What this task involves ::
Every line from the start of the records below to the line containing "Person writing in notebook at wooden table." should be retyped exactly, that line included, and no others.

:: Material to process

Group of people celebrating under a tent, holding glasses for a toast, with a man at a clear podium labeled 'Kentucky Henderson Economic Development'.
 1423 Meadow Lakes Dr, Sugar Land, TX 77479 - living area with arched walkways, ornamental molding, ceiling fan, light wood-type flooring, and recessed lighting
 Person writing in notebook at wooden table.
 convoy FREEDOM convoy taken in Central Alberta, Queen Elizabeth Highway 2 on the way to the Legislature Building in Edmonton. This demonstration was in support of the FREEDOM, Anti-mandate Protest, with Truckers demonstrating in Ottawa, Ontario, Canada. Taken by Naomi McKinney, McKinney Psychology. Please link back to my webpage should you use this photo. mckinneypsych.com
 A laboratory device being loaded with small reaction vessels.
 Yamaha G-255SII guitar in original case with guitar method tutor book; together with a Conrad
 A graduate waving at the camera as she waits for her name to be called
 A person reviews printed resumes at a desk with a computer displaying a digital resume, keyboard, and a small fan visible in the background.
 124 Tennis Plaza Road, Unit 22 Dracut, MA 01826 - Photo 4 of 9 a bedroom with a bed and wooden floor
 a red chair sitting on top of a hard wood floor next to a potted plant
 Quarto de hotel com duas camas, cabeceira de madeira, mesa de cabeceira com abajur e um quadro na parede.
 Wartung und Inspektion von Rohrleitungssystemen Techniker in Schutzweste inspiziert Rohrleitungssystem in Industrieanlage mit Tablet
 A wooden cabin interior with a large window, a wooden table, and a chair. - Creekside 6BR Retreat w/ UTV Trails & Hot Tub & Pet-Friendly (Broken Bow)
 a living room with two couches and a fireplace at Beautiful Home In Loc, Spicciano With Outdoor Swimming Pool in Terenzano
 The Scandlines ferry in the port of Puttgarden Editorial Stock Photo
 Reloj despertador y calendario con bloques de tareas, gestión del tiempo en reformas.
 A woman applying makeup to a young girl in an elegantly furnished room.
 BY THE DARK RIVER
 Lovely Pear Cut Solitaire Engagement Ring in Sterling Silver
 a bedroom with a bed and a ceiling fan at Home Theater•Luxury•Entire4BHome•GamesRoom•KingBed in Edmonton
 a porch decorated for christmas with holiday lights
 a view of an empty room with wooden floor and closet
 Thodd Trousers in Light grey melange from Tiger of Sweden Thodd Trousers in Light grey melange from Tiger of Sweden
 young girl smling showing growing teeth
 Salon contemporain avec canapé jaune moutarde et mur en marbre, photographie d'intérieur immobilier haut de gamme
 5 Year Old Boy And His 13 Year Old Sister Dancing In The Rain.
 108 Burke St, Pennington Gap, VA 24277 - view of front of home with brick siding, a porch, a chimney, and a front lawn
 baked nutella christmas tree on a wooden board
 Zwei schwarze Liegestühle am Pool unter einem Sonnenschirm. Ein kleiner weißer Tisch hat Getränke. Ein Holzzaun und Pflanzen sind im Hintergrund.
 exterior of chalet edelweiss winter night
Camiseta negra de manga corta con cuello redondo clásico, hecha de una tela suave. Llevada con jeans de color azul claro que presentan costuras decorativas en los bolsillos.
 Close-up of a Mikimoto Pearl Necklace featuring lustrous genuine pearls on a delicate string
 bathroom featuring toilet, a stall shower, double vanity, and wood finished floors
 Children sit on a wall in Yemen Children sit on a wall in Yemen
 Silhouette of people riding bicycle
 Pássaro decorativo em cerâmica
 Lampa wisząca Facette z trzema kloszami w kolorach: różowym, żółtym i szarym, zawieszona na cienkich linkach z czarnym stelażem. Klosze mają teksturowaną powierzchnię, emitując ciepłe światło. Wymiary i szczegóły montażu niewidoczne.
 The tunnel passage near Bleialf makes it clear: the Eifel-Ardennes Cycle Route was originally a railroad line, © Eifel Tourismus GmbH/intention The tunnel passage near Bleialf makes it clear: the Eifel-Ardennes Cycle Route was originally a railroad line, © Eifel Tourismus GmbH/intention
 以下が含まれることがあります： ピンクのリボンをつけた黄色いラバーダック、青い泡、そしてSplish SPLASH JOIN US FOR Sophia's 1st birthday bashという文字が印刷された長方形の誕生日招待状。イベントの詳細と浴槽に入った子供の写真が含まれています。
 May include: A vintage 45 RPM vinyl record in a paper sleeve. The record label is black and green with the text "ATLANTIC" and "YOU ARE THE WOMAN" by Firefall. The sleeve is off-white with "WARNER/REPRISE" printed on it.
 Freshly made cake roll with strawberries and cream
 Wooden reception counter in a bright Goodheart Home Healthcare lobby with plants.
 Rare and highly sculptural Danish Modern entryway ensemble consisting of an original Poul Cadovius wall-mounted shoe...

::::

Written answer ::
Group of people celebrating under a tent, holding glasses for a toast, with a man at a clear podium labeled 'Kentucky Henderson Economic Development'.
 1423 Meadow Lakes Dr, Sugar Land, TX 77479 - living area with arched walkways, ornamental molding, ceiling fan, light wood-type flooring, and recessed lighting
 Person writing in notebook at wooden table.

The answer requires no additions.